WHAT TO PRODUCE =
In the records below, find every line with the word "Foto" and copy it.

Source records

════════

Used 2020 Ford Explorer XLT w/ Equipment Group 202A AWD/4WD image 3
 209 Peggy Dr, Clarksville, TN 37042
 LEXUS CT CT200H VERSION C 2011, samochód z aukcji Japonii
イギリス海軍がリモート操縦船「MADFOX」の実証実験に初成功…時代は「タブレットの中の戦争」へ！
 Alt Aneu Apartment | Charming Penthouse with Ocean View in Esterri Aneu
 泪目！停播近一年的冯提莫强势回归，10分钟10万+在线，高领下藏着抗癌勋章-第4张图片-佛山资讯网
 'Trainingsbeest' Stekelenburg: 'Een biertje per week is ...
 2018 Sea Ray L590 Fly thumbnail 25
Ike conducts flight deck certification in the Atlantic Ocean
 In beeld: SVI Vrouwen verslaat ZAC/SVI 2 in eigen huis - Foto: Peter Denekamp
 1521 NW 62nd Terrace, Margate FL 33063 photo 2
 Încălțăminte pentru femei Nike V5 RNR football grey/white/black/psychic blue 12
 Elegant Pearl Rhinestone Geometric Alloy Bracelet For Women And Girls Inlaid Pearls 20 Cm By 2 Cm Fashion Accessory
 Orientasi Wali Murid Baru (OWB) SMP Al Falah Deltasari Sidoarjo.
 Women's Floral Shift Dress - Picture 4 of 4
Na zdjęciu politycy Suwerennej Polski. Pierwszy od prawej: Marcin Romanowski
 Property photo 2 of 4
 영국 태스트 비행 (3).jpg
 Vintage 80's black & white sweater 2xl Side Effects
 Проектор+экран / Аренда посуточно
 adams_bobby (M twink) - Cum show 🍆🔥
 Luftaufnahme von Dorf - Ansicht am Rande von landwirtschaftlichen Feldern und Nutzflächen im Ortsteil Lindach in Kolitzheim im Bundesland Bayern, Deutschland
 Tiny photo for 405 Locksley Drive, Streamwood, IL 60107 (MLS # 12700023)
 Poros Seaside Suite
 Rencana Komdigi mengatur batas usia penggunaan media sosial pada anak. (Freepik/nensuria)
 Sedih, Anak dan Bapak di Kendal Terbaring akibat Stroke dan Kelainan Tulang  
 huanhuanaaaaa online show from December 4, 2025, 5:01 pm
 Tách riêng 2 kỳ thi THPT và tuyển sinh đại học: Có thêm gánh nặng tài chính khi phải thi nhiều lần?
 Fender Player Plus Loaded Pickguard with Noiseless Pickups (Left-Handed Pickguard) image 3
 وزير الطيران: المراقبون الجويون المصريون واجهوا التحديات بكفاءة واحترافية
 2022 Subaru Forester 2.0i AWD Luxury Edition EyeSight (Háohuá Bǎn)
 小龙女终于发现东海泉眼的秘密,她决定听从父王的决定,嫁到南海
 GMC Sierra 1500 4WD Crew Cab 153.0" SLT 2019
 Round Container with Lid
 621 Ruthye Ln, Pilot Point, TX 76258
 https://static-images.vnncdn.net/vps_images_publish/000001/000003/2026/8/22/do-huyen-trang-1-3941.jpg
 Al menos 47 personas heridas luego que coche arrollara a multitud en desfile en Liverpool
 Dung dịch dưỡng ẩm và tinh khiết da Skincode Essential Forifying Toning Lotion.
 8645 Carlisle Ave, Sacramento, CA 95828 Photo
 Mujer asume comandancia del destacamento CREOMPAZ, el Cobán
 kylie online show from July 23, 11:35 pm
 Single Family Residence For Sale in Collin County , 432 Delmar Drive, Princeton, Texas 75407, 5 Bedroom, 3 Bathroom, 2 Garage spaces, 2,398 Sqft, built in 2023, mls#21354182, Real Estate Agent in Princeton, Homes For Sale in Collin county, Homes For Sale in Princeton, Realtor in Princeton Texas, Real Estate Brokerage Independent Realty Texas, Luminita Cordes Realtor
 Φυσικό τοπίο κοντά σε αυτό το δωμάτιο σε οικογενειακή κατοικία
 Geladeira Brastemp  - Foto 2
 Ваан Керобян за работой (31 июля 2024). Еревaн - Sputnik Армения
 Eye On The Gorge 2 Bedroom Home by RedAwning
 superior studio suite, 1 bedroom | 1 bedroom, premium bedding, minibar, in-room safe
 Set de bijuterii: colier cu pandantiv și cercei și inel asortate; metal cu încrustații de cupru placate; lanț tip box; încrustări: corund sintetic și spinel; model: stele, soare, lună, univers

════════

EXPECTED OUTPUT =
 In beeld: SVI Vrouwen verslaat ZAC/SVI 2 in eigen huis - Foto: Peter Denekamp
 Geladeira Brastemp  - Foto 2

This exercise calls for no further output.